The larger story here is that newspapers are enduring the familiar process of economic “creative destruction,” in this case brought on by the Internet. Advertisers are fleeing to search engines, while barriers to entry in publishing have crashed. Despite the pain this causes to certain companies, this is not much different than any other industry buffeted by new technology or business strategies. The shipping industry changed radically with the advent of containerization. Wal-Mart’s state-of-the-art inventory management transformed retailing. Apple’s iTunes has revolutionized the music industry.

Some new business model will emerge for journalism, if not for all newspapers, and in the meantime the business of reporting the news isn’t vanishing. It is taking new forms and adapting, with newspapers growing their audiences online even as the sources of their revenue shift. The industry is currently debating how to charge customers for content, and no doubt many experiments will be tried. No matter who emerges victorious, the journalism business will be stronger and more credible if it avoids the government’s embrace.

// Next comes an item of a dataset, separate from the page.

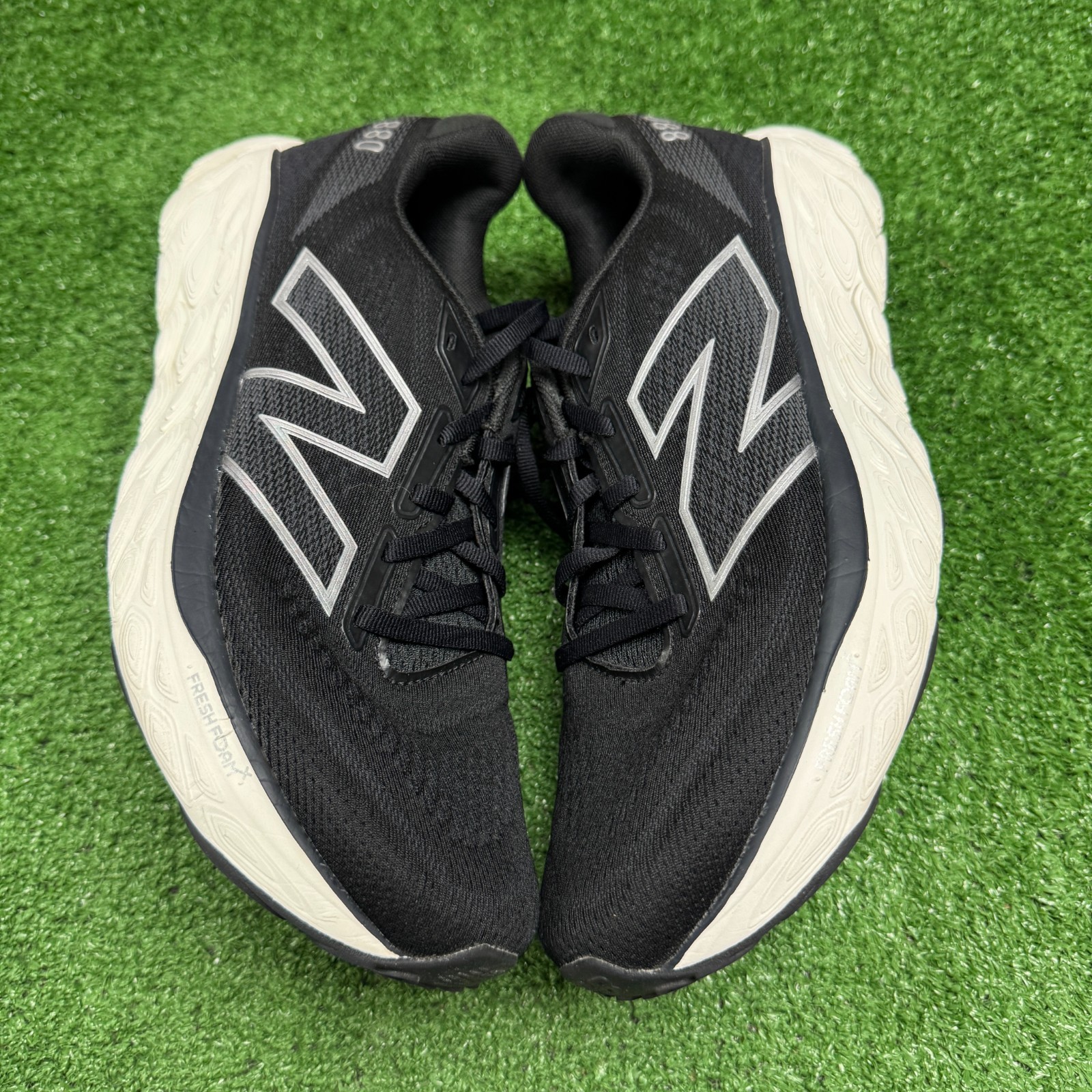 New Balance Fresh Foam X 880v14 Shoes Womens 10.5 Black Sea Salt Silver Metallic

It also touched on the idea that it might be hard for newspapers to expose skullduggery and wrongdoing by the very politicians to whom they owe their lives:

“If we take seriously this notion that the press is the fourth estate, or the fourth branch of government,” Mr. Kerry said in a prepared statement, it’s time we consider its importance to democracy. Talk about a Freudian slip. Newspapers becoming the “fourth branch of government” is exactly what people most fear from any hand extended to save an independent press.

Now, that’s all well and good in the United States. Meanwhile, the Journal is getting a nice boost in India, thanks to government intervention. Here’s a line from the press release that went out on the same day as the editorial against bailing out newspapers:

The Wall Street Journal Asia will be printed Mondays through Fridays by The Express Group at print sites in New Delhi and Mumbai. The paper will be delivered the same day to individual and corporate subscribers and will be available at newsstands in major Indian cities.

The launch of the locally printed edition follows the Indian government’s decision earlier this year to allow foreign investment in the publication of facsimile editions of foreign newspapers and its approval of Dow Jones & Company’s proposal to publish a facsimile edition of The Wall Street Journal Asia in India.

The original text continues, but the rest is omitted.